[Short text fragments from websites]
-------

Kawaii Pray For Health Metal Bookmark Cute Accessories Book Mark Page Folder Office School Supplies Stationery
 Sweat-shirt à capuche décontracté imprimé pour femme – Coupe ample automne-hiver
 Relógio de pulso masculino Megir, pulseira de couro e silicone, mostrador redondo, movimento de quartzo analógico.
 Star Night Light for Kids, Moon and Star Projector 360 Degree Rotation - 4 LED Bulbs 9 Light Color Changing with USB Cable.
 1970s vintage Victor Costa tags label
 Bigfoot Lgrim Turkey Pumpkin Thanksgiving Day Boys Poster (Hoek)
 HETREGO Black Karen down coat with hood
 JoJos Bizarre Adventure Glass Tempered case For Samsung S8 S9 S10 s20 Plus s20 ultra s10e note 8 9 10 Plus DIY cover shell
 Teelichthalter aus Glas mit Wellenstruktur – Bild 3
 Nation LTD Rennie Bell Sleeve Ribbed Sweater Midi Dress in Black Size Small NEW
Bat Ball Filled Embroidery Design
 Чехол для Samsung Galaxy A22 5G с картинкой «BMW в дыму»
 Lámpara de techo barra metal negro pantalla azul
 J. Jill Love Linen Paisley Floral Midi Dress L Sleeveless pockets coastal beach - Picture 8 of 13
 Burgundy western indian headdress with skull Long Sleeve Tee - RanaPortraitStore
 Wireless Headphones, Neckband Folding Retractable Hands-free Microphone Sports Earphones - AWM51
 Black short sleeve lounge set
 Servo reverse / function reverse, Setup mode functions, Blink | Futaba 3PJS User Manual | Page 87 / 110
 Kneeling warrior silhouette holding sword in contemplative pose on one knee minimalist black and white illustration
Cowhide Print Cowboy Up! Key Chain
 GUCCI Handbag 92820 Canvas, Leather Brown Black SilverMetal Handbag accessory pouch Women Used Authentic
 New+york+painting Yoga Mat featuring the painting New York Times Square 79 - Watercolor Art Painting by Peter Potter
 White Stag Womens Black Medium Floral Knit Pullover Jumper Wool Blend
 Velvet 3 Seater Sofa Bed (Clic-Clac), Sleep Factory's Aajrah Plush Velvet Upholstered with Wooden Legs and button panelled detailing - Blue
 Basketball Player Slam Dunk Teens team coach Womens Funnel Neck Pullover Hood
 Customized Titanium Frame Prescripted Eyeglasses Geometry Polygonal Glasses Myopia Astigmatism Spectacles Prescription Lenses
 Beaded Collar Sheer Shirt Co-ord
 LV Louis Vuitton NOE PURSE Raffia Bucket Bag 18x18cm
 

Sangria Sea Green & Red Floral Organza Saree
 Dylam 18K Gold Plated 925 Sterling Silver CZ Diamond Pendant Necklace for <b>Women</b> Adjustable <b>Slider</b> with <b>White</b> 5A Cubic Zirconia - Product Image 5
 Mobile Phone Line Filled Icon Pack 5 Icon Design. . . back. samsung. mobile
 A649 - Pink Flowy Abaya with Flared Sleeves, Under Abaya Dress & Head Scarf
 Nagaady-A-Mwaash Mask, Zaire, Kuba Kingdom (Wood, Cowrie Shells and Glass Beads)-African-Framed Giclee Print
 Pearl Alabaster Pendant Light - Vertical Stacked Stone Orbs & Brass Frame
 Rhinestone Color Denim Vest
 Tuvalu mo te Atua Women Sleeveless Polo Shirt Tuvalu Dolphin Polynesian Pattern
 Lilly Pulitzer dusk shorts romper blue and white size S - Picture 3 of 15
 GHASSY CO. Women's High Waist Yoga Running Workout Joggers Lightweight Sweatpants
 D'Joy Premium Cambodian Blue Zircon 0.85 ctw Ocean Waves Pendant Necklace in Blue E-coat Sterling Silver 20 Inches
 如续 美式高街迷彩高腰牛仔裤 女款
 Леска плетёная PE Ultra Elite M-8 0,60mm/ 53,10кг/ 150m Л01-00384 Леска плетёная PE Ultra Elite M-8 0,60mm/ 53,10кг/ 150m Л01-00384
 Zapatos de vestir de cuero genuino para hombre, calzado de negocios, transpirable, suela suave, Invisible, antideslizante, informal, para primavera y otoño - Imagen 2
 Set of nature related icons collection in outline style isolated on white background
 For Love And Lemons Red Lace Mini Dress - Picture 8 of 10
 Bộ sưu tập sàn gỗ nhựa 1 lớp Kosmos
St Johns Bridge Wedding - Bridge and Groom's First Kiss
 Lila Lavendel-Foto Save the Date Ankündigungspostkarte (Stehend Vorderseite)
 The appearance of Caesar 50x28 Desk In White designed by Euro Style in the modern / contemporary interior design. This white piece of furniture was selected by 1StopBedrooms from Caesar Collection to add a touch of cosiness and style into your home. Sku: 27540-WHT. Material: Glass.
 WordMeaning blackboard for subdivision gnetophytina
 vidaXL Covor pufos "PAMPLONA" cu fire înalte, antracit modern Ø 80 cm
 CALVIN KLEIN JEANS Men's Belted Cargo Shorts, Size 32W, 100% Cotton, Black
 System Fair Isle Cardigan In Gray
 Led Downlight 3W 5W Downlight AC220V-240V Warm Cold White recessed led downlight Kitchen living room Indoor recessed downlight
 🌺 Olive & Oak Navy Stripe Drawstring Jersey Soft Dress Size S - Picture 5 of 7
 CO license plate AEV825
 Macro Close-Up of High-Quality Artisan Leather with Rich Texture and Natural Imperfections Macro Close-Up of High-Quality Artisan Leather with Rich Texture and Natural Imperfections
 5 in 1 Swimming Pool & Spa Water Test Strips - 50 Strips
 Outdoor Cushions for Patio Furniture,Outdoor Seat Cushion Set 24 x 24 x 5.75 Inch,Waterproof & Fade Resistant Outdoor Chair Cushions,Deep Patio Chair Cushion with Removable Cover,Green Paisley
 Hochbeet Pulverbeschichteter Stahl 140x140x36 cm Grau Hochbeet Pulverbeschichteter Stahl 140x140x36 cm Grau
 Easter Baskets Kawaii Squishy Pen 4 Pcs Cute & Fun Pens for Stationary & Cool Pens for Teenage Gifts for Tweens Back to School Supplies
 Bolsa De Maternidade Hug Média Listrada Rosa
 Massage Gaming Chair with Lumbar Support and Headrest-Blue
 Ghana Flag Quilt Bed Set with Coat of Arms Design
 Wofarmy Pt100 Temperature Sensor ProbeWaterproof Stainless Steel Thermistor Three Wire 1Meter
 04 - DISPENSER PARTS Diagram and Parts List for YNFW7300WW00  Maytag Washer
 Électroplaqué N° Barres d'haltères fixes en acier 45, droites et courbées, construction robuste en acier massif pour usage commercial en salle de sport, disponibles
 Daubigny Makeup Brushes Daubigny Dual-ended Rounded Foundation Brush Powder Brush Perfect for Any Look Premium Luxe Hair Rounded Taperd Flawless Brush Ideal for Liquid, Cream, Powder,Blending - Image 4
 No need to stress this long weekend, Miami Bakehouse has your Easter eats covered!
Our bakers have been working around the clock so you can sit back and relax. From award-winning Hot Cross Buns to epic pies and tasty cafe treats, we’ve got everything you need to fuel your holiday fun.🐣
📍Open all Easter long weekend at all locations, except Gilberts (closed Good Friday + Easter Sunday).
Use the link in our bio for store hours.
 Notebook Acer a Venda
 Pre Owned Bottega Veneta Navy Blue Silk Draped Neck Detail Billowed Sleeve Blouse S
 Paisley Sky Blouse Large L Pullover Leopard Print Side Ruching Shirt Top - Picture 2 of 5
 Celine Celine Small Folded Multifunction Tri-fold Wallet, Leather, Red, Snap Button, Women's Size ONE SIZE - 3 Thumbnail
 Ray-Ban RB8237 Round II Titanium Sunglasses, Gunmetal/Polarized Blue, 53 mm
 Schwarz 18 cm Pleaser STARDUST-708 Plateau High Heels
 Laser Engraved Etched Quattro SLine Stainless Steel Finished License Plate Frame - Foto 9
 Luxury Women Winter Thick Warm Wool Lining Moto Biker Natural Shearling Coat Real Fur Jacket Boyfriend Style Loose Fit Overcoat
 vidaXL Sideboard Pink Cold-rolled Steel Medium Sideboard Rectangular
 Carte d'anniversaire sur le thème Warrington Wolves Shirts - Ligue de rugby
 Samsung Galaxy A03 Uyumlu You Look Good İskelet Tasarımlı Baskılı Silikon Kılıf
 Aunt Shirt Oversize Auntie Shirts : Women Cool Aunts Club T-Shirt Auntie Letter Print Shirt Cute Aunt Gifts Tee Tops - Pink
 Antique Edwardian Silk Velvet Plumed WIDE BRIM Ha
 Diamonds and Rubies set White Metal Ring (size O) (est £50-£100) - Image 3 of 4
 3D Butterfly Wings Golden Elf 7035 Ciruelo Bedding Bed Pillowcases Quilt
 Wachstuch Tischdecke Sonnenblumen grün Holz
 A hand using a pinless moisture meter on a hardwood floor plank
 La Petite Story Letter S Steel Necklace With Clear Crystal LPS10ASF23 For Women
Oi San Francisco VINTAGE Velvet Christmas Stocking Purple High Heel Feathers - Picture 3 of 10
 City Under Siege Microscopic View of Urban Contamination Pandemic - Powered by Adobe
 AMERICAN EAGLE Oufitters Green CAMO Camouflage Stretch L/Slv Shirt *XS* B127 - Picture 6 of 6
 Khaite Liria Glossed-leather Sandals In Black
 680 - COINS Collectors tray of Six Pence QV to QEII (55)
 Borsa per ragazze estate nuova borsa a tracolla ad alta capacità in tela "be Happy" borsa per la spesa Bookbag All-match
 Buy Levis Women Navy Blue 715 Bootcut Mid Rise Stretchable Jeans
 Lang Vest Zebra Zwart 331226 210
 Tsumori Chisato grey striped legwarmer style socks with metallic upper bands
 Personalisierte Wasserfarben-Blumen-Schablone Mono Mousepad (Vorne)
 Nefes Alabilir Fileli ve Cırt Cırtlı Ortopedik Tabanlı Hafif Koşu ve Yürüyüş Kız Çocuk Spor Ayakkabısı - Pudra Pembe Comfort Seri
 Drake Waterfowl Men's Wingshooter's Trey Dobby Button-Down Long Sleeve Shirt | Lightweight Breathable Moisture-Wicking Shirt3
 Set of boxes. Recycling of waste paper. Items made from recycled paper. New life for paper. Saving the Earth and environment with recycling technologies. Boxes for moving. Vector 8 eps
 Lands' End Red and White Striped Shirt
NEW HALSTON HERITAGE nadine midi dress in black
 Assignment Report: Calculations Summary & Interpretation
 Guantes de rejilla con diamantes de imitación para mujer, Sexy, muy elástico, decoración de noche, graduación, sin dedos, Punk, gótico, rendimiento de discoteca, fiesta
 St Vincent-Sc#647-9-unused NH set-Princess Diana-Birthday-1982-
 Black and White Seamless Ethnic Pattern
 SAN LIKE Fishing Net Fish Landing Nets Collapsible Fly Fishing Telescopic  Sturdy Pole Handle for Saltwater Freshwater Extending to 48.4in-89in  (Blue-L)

-------

- EXERCISE -
Please give back, exactly as it stands above, the stretch from the line with "Set of nature" through the line with "Lila Lavendel-Foto Save", and no line outside it.

- SOLUTION FOR THIS PROBLEM -
 Set of nature related icons collection in outline style isolated on white background
 For Love And Lemons Red Lace Mini Dress - Picture 8 of 10
 Bộ sưu tập sàn gỗ nhựa 1 lớp Kosmos
St Johns Bridge Wedding - Bridge and Groom's First Kiss
 Lila Lavendel-Foto Save the Date Ankündigungspostkarte (Stehend Vorderseite)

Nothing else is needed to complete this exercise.